◆ Work order:
Nothing but the lines from the one containing "Hoot, Hoot, Hooray!" through the last line of the records belongs in the answer, copied exactly and with the pictures left out.

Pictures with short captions
○ ○ ○ ○ ○ ○ ○

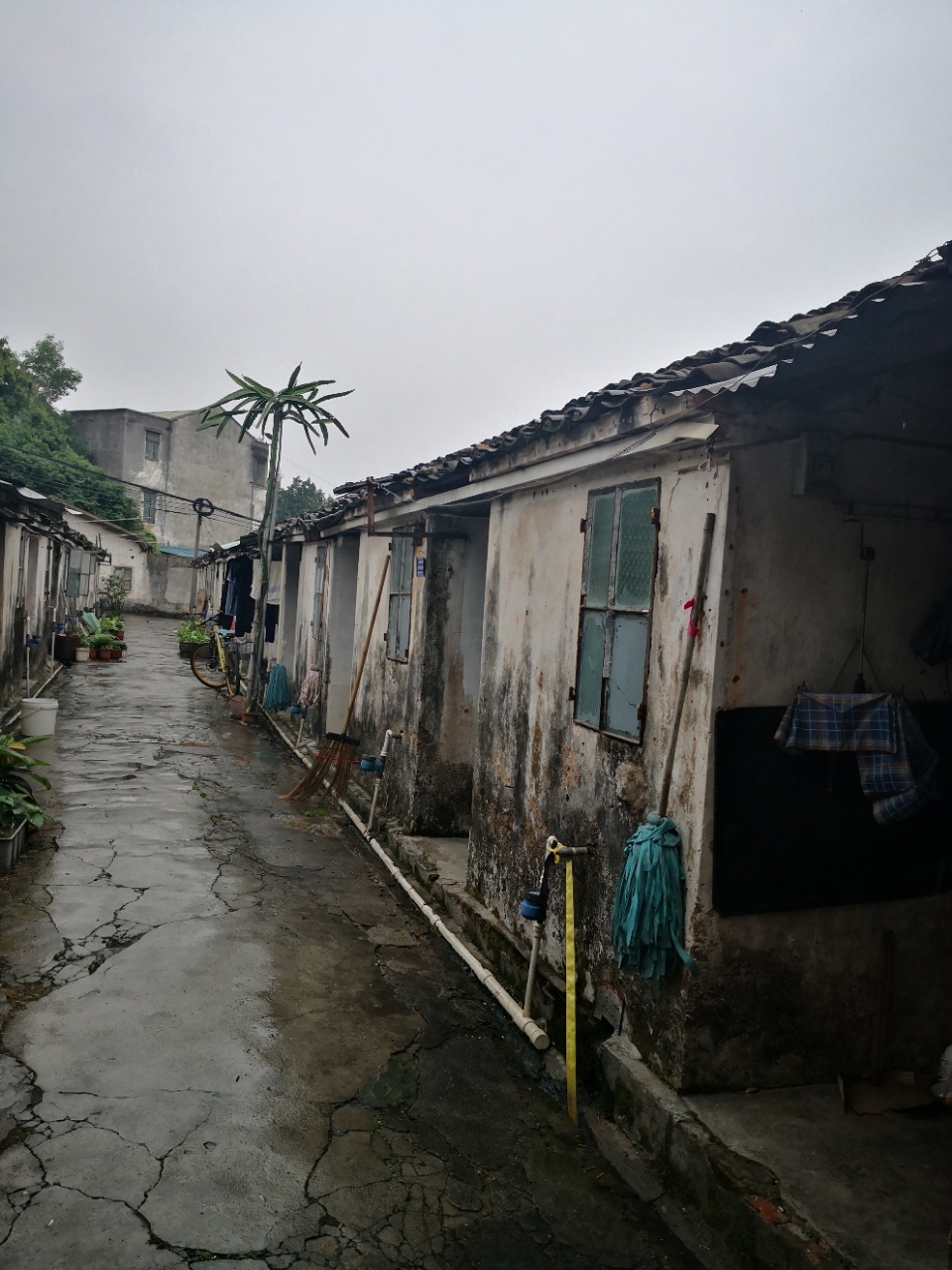 深圳龍華拆遷房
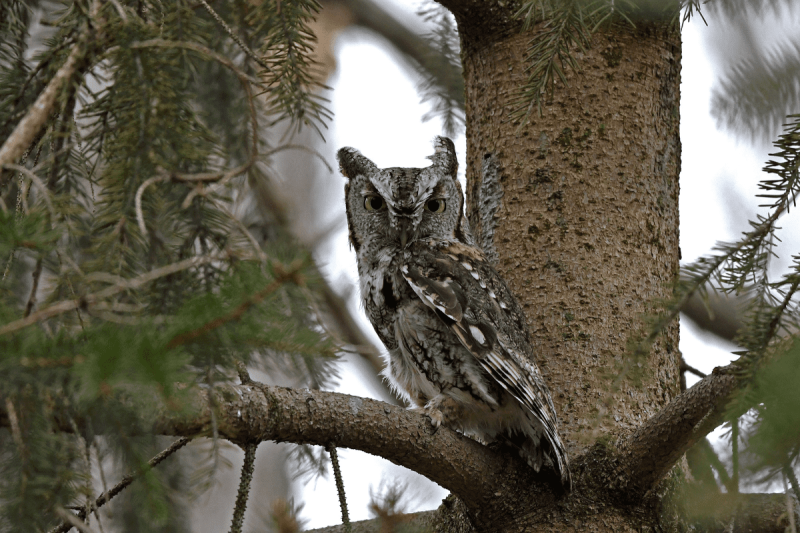 Hoot, Hoot, Hooray! Where to Celebrate Superb Owl Sunday in Pennsylvania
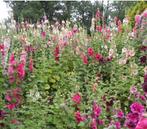 Biologische Stokroos Mix Zaden, Tuin en Terras, Ophalen of Verzenden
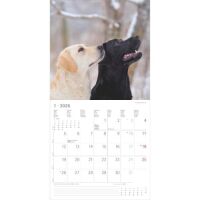 Kalender 2026 Labrador Retriever 30 x 30 cm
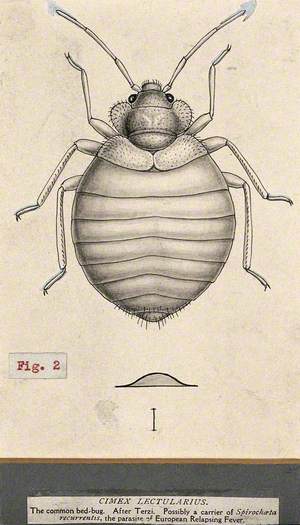 The Common Bedbug (Cimex Lectularius)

○ ○ ○ ○ ○ ○ ○

◆ Task output:
 Hoot, Hoot, Hooray! Where to Celebrate Superb Owl Sunday in Pennsylvania
 Biologische Stokroos Mix Zaden, Tuin en Terras, Ophalen of Verzenden
 Kalender 2026 Labrador Retriever 30 x 30 cm
 The Common Bedbug (Cimex Lectularius)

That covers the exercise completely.